* _What you need to do_
What is the number of lines in the material below that include the word "online"? Write that number and nothing more.

* _Available records_
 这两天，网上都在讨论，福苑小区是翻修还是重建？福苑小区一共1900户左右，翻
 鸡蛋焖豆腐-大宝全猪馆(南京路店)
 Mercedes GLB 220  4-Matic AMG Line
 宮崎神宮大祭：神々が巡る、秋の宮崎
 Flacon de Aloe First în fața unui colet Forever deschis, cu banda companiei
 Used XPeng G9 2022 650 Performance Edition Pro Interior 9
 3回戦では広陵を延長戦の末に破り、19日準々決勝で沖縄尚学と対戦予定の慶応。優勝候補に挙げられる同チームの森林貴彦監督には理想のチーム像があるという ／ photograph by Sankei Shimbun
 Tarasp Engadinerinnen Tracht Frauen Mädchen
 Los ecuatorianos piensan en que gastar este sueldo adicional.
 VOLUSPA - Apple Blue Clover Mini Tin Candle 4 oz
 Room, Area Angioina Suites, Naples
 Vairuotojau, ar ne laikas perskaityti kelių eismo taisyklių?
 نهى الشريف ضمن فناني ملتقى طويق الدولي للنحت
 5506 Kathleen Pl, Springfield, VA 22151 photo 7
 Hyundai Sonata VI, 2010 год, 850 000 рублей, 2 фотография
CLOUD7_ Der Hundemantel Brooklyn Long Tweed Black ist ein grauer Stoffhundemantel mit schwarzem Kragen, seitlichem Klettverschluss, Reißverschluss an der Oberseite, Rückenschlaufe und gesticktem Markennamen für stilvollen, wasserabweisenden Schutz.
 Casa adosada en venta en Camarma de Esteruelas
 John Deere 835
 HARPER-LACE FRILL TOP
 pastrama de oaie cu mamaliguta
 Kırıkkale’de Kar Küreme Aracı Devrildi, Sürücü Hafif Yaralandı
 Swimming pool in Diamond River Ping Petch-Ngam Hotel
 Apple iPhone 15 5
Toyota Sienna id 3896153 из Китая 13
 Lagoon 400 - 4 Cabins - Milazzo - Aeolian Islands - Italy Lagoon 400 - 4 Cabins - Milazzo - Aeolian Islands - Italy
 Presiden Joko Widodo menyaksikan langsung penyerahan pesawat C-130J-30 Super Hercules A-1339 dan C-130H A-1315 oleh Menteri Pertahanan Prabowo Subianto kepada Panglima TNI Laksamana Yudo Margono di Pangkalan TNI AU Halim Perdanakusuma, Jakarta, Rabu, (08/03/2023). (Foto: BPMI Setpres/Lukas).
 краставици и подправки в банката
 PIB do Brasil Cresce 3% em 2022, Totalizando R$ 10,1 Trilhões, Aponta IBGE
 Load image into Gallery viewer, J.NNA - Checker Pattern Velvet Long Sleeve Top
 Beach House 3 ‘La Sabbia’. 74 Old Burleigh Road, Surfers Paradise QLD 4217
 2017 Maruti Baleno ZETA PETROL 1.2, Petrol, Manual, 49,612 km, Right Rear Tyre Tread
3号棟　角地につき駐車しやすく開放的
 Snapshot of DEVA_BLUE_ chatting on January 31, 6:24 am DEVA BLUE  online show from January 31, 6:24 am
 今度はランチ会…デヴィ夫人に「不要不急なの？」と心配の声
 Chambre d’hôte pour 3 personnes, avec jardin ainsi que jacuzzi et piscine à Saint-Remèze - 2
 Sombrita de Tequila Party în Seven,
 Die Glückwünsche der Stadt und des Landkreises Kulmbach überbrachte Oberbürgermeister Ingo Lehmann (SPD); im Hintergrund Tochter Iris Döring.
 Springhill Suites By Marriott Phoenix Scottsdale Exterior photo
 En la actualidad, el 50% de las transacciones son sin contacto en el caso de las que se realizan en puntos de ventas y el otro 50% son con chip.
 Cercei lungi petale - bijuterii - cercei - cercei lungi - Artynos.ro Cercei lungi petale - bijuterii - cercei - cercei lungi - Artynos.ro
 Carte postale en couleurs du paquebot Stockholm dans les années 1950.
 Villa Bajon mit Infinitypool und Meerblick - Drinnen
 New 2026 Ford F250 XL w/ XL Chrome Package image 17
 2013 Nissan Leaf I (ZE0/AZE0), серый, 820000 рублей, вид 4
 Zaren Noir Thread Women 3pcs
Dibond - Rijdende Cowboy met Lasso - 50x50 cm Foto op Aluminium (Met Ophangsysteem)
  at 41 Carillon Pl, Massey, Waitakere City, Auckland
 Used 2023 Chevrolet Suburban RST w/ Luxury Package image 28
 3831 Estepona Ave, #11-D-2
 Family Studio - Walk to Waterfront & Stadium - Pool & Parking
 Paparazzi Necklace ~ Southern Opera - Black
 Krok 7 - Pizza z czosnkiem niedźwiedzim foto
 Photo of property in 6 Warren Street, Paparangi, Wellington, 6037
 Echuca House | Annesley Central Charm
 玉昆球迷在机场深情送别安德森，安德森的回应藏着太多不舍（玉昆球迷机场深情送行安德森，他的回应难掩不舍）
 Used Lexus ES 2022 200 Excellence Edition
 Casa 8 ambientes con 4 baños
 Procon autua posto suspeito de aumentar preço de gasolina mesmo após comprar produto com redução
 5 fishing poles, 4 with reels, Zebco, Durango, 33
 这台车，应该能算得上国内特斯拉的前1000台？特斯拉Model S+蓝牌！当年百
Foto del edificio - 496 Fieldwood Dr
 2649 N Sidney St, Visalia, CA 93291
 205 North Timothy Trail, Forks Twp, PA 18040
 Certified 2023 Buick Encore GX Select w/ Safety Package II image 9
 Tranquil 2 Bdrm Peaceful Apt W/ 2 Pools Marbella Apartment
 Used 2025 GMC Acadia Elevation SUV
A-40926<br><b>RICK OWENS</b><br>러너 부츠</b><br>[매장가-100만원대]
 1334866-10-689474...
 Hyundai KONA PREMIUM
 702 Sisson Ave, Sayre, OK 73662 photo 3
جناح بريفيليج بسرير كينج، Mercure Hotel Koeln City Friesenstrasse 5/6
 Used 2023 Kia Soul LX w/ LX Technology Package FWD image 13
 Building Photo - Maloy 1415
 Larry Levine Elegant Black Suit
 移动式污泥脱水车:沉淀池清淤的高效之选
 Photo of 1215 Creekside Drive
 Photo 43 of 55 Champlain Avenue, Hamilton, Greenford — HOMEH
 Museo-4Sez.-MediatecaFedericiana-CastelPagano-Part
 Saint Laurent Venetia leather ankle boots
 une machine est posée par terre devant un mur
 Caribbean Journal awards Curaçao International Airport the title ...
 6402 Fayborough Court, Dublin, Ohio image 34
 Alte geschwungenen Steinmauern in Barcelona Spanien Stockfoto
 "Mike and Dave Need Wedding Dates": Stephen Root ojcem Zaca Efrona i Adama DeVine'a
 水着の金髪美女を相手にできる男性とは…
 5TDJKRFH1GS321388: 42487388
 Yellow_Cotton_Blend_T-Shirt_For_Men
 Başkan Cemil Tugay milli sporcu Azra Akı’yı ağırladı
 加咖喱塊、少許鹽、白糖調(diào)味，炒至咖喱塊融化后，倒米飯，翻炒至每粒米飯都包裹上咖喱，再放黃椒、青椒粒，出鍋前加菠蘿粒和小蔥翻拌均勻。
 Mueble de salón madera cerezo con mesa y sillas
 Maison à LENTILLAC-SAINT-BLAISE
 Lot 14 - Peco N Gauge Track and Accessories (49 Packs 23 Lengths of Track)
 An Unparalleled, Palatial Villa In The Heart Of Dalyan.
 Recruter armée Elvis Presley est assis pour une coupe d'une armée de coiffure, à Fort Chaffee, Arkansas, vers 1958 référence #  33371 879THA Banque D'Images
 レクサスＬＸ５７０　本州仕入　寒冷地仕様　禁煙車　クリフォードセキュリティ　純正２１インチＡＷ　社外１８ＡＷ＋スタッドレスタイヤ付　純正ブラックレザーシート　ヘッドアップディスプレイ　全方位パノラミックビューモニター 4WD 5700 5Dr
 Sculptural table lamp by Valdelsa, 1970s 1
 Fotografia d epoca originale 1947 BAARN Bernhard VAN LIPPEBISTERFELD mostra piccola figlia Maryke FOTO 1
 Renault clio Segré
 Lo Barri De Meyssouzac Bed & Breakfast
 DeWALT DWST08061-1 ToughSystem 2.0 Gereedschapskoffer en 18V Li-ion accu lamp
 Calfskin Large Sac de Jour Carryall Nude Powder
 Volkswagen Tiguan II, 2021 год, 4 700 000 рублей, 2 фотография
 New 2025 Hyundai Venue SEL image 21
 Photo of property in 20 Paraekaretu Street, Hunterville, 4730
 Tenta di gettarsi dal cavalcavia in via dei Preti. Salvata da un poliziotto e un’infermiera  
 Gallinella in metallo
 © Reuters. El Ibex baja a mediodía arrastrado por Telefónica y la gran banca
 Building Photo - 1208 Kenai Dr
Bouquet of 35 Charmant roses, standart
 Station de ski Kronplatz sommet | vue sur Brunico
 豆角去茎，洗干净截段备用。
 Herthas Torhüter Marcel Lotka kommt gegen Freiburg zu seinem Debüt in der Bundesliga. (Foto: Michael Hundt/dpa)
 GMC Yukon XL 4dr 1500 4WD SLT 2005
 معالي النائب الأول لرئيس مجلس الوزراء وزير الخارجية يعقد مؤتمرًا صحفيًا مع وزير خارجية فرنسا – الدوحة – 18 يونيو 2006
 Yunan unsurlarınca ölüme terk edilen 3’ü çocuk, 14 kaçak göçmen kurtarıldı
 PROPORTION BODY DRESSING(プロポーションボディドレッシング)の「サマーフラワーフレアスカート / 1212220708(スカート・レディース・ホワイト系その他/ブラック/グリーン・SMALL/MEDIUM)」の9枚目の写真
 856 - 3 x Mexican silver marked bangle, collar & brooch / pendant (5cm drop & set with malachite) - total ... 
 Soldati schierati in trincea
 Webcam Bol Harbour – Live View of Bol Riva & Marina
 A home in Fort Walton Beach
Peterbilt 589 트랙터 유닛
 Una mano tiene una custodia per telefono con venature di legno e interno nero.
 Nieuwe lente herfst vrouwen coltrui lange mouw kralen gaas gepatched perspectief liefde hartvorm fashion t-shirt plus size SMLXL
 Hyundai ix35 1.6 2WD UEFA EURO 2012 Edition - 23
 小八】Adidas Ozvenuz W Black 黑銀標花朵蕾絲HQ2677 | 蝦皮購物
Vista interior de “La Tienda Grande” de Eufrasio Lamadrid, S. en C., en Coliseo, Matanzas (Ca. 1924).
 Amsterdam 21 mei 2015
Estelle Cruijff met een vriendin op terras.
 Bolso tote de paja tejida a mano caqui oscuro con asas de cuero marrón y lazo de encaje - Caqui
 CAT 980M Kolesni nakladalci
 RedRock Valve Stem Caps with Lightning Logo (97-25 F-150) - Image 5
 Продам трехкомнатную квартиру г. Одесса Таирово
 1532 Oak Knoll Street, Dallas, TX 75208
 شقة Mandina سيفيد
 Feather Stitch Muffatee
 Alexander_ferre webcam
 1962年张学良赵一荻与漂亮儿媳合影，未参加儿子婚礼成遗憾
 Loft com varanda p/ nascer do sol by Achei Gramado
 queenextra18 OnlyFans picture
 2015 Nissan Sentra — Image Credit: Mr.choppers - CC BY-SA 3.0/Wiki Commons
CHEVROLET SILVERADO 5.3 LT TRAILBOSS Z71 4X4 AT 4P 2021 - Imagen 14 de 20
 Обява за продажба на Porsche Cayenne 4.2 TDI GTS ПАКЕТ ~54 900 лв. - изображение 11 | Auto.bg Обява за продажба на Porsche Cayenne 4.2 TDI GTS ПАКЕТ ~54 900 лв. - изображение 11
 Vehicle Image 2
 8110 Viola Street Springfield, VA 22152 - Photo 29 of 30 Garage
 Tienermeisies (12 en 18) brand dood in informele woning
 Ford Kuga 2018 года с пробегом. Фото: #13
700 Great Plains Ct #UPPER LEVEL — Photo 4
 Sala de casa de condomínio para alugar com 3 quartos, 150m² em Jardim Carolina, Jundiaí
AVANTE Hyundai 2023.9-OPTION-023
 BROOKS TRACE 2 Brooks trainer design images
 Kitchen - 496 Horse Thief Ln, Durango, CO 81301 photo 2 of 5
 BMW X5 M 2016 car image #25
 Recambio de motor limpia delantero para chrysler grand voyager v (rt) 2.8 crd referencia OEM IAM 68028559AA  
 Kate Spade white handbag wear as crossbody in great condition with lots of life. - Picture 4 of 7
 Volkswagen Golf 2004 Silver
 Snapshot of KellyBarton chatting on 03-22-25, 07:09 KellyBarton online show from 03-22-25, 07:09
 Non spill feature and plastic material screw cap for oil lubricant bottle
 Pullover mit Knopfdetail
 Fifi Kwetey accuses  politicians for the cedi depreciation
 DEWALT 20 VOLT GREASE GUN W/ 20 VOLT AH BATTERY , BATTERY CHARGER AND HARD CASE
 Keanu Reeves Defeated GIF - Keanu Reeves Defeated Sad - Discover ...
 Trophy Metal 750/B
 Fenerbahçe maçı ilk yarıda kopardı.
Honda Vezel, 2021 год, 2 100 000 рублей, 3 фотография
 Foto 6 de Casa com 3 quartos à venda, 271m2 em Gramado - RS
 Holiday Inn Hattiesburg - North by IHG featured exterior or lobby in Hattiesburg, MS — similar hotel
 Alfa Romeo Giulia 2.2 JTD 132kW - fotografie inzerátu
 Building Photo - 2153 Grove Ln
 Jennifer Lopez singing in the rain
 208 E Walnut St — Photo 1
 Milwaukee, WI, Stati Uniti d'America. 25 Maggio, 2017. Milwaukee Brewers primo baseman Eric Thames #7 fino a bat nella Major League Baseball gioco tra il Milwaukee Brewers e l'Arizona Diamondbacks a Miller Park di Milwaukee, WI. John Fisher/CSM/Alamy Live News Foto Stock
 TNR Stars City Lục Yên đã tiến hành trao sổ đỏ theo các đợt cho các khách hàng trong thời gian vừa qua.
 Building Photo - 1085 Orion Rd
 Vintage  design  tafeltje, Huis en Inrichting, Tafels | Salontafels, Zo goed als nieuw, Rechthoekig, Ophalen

* _Answer below_
2